In response to communication from CAMERA’s Israel office, Voice of America today forthrightly corrected an erroneous Nov. 8 headline which inflated the United Nations’ figure for women and children killed during the Gaza war. Though the U.N. Human Rights Office of the High Commissioner’s newly released report considered only a select sample of fatalities in the first six months of fighting, the headline wrongly cast the findings as relating to the totality of those killed: “Nearly 70% of Gaza war dead women and children, UN rights office says.”
Notably, neither the U.N. report nor the article below the VOA headline supported the headline’s figure.

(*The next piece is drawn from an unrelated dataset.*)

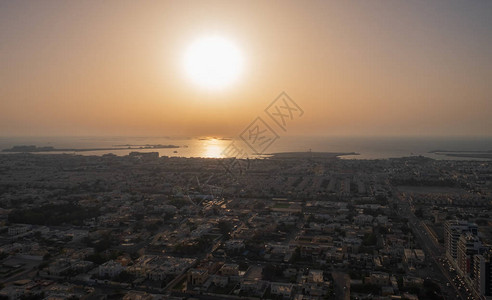 从43楼欣赏迪拜天际线的艺术景观图片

Moreover, the article in question is by Reuters, and Reuters’ own headline, which includes the essential qualifying word “verified,” accurately portrayed the UN report: “Gaza women, children are nearly 70% of verified war dead, UN rights office says.” (Emphasis added.)
Both the U.N. report and the Reuters article are clear that the “nearly 70%” figure narrowly relates to the number of verified deaths during the first six months of the war (8,119) out of the total to date – which Hamas claims is 43,000. VOA’s headline erroneously suggests that the 70 percent women and children percentage relates to all the deaths from Oct. 7, 2023 to the present.
The Reuters article appearing on VOA’s site under the erroneous headline states:
The U.N. Human Rights Office said on Friday nearly 70% of the fatalities it has verified in the Gaza war were women and children, and condemned what it called a systematic violation of the fundamental principles of international humanitarian law.
The U.N. count covers the first seven months of the Israel-Hamas conflict in the Gaza Strip that began more than a year ago.
The 8,119 victims verified by the U.N. Rights Office in that seven-month period is considerably lower than the toll of over 43,000 provided by Palestinian health authorities for the full 13 months of conflict. [Emphases added.]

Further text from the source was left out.